I can only see the "self" as a becoming, not as "being". As a "becoming" it can then be a partner to "truth", which itself is an unfolding, a constant advance into novelty. "Truth" as writ on stone (self as "being") has to become a truth writ on human hearts. So many seem content with the former, even think it is the latter.





It's said that if the Buddhist teaching of anatta (not-self) is not understood, then the whole Dharma will be misunderstood. After many years I still seek to understand. - to truly understand, when knowledge becomes praxis, spontaneous. I see it as error to think of "self" as "being", as under construction. I think we can inherit a way of being (conditioning, not particularly choosen) and then our life is simply a reflex action. As someone else has said, every time we happen on a statement or sentiment that fits in with our conditioned notions we adopt it, perhaps with enthusiasm, at the same time ignoring, as though they did not exist, the statements or sentiments which either we did not like or did not understand. And so our little persona is constructed, set in concrete.
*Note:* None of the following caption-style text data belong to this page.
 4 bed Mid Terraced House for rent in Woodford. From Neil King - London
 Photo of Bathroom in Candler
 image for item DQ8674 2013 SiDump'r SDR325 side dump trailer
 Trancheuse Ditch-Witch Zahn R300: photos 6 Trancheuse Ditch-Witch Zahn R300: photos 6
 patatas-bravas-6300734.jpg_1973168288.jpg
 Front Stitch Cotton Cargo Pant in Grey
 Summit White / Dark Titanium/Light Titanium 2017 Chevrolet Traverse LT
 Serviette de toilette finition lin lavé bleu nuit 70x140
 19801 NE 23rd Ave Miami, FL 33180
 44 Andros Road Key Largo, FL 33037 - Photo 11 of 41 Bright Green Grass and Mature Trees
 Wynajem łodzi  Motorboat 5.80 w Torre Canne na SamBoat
To me such a self must needs be "dropped", become "dark", this so as to reflect truth. Once we reflect, we can perhaps become its partner. This presumes Faith in Reality, that it is worth "reflecting", becoming a partner of. My own faith is that Reality is infinite compassion, infinite wisdom, infinite potential.





I'm very much into the so called "eastern" ways, and speak of zen, Dogen, the Lotus Sutra etc etc. All deemed exotic. But I think back to my past when I had a yearning to travel - and the yearning was for deserts, palm trees, pagodas, camels and all the rest of it. When this yearning had been satisfied I found myself back in my home town, on the railway station which overlooks the town. A drizzly day, rain on the rooftops. I remember thinking that the adventures were over, I was truly back home. But then, looking at the skyline, a few random thoughts. Not an epiphany or some sort of cosmic consciousness (!) but transforming nevertheless. What is more exotic? A cow or a camel? An oak tree or a palm tree? A pagoda of a church spire? Sand or grass? I will not labour the point......perhaps I already have!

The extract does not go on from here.